Problem to work on: An exact copy of the lines from the one containing "this 1344×896 image." to the end of the records below is required, and nothing else.

******************************

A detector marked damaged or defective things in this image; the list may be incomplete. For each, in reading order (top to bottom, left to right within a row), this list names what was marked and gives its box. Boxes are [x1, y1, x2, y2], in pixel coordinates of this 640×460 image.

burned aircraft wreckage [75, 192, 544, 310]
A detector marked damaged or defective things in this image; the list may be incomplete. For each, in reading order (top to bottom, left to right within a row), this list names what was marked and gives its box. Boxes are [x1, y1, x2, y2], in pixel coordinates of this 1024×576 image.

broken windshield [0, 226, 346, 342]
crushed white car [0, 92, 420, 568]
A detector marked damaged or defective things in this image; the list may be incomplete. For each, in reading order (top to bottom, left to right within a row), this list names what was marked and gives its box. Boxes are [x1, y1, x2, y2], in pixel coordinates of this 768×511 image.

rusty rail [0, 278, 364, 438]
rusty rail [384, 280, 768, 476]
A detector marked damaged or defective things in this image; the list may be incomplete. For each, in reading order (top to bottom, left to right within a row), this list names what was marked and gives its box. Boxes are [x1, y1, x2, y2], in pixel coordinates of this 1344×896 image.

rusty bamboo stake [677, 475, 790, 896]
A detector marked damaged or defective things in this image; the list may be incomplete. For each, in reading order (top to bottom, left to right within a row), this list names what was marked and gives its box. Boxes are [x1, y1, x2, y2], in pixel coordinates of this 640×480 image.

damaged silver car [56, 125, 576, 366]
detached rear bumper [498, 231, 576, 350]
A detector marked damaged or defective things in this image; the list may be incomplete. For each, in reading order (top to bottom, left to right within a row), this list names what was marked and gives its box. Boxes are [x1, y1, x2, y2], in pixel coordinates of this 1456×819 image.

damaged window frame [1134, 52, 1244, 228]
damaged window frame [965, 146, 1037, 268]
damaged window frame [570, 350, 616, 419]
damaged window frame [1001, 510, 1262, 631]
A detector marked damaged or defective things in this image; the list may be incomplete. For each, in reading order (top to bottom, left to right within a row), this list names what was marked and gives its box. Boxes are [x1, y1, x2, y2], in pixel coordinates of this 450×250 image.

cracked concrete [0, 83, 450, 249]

******************************

Task answer:
A detector marked damaged or defective things in this image; the list may be incomplete. For each, in reading order (top to bottom, left to right within a row), this list names what was marked and gives its box. Boxes are [x1, y1, x2, y2], in pixel coordinates of this 1344×896 image.

rusty bamboo stake [677, 475, 790, 896]
A detector marked damaged or defective things in this image; the list may be incomplete. For each, in reading order (top to bottom, left to right within a row), this list names what was marked and gives its box. Boxes are [x1, y1, x2, y2], in pixel coordinates of this 640×480 image.

damaged silver car [56, 125, 576, 366]
detached rear bumper [498, 231, 576, 350]
A detector marked damaged or defective things in this image; the list may be incomplete. For each, in reading order (top to bottom, left to right within a row), this list names what was marked and gives its box. Boxes are [x1, y1, x2, y2], in pixel coordinates of this 1456×819 image.

damaged window frame [1134, 52, 1244, 228]
damaged window frame [965, 146, 1037, 268]
damaged window frame [570, 350, 616, 419]
damaged window frame [1001, 510, 1262, 631]
A detector marked damaged or defective things in this image; the list may be incomplete. For each, in reading order (top to bottom, left to right within a row), this list names what was marked and gives its box. Boxes are [x1, y1, x2, y2], in pixel coordinates of this 450×250 image.

cracked concrete [0, 83, 450, 249]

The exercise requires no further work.